* Your instructions: Look in the data below for the line that has "Appartamento in Vendita", then print exactly every line from there through the line that has "Actual product image", leaving pictures out.

* Material provided:
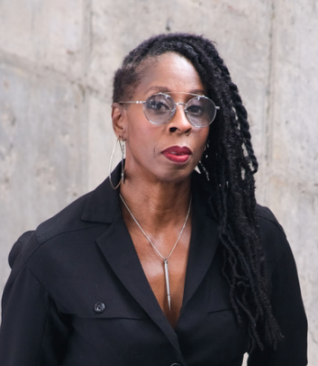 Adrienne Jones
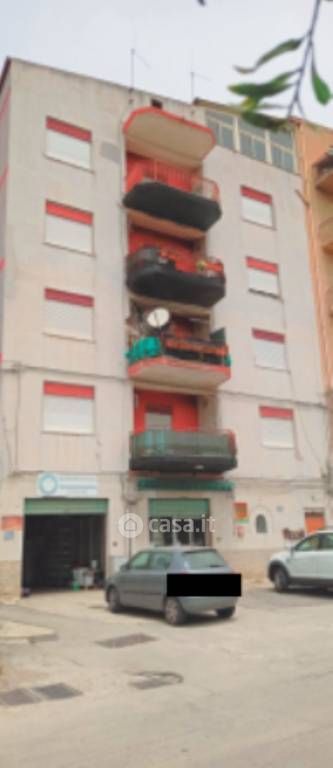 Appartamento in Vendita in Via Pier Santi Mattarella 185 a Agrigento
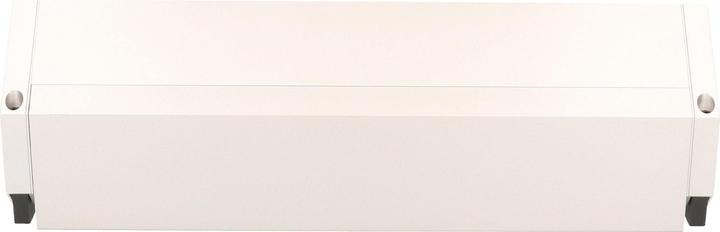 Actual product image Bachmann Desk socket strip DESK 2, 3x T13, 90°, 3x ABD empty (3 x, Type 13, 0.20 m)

* * *

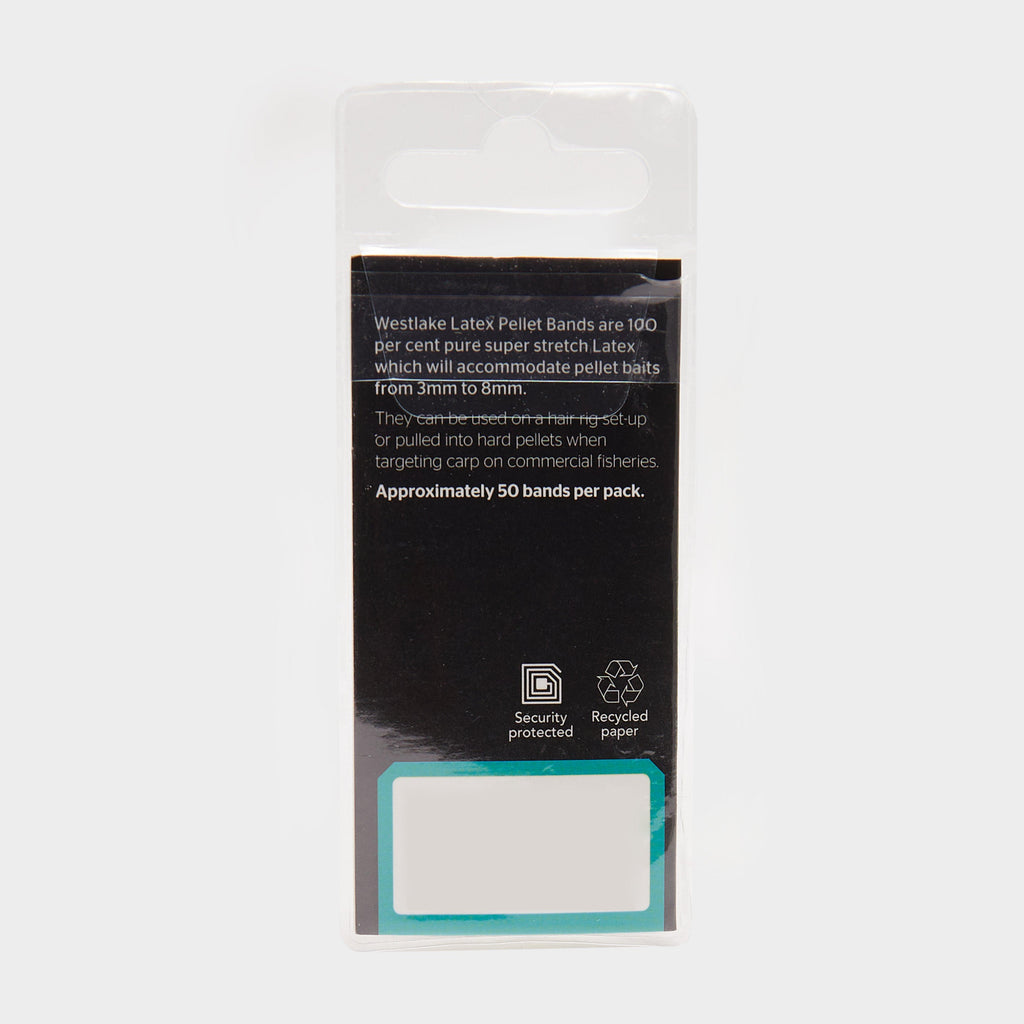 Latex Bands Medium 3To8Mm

* Result for this exercise:
 Appartamento in Vendita in Via Pier Santi Mattarella 185 a Agrigento
 Actual product image Bachmann Desk socket strip DESK 2, 3x T13, 90°, 3x ABD empty (3 x, Type 13, 0.20 m)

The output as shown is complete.